In shallow rivers I get bites year round with small crankbaits and fairly often with small spinnerbaits. I will fish as long as there isn't ice forming.


----------



## WLB (Apr 6, 2004)

I wade the river I fish for smallies, last week same as always I caught some on small rooster tails but got most on a small silver and black floating rapala fished around rock piles and current eddies. I use the same rooster tails I use for white bass in the spring in chartreuse, black or white. I fish smallies on the river till late november, early December or till the river gets high and muddy. I work the lures slow but every once in a while they like that rooster tail as fast as I can fish it. The leaves are a problem, if you don't get a fish on a cast you get a leaf, Good Luck


----------



## Procraftboats21 (Apr 6, 2004)

try a small hair jig tipped with a uncle josh spin frog, deadly in cold water.


----------



## Flipp (Apr 5, 2004)

I fish rivers almost year round I use tubes, cranks, blade baits, and a hair jig with twister tail on it.


----------



## RiverRat (Apr 5, 2004)

I know many that catch all through the winter using scaled down plastics..i prefer a much different method, but both work well. My personal opinion is that my style produces more and better fish....but i dont talk about how i go about catching them on the internet..sorry.
My biggest smallies of the year come in the months between Oct.-March when the water temps are 55 degrees and lower. I had 2 yrs. in a row that i caught a smallie every month of the year. Most of the time Jan. is my hardest month because its usually the coldest and unstable during winter.
I have caught(AND released) 8 fish Ohio smallies over the past five years, one of them out of a stream that is one of the hardest to catch a smallie of that size. It all depends on many factors, but starting with a QUALITY smallmouth river/stream is #1 in my book. My avg. is in the 17-18" range for sure, yea i catch the small ones too, but the majority are the bigger fish.

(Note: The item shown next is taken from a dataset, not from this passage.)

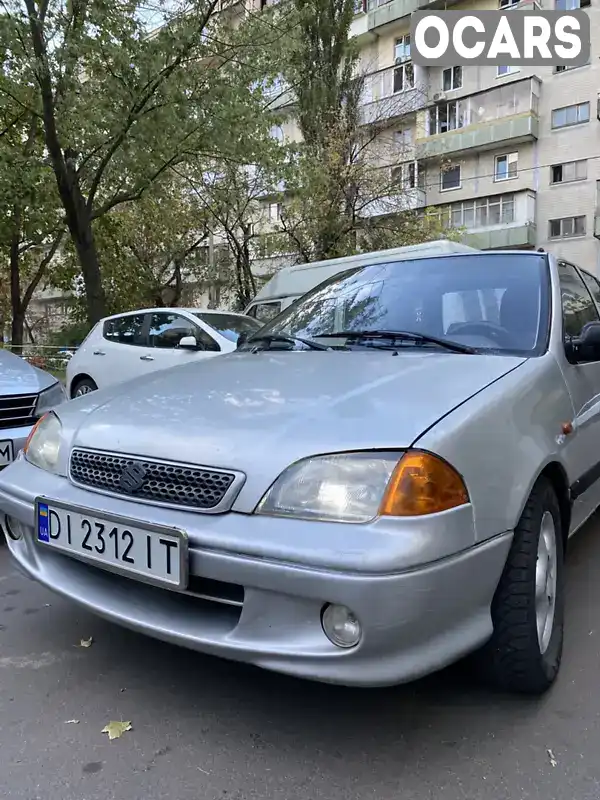 Седан Suzuki Swift 2002 1.3 л. Ручная / Механика обл. Киевская, Киев - Фото 1/21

Many smallie anglers hang up there gear in mid Oct. which is a very good thing for me and my few friends that know better...its VERY rare for us to see another angler along the waters we fish...not that im complaining..lol

Good luck to ya, winter fishing is not for some, but give it a go,
Scott


----------



## fishing_marshall (Jun 12, 2004)

Are smallmouth found in the same areas all year around or usually deep water in the winter?


----------



## Action (Apr 8, 2004)

fishing_marshall said:


> Are smallmouth found in the same areas all year around or usually deep water in the winter?


They go to deep wintering holes, usually where there's some current close by.
Smallmouth will swim many miles to get into the right holes.
This is why you can pound them in the winter if you can find them. They stack up heavy and don't feed a whole lot, but if you can find them you can catch them with some knowhow.


----------



## fishingredhawk (Apr 14, 2004)

Lately on the Scioto in Columbus, I've been doing well on yellow/white/orange 3" tubes, and suspending cranks (rouges, husky jerks). Good luck


----------



## spinwader (Feb 18, 2009)

i'm close to you....do you go down near the 5th ave. bridge?


----------



## Gone Fission (Mar 13, 2005)

He might not answer..the thread is 5 years old.


----------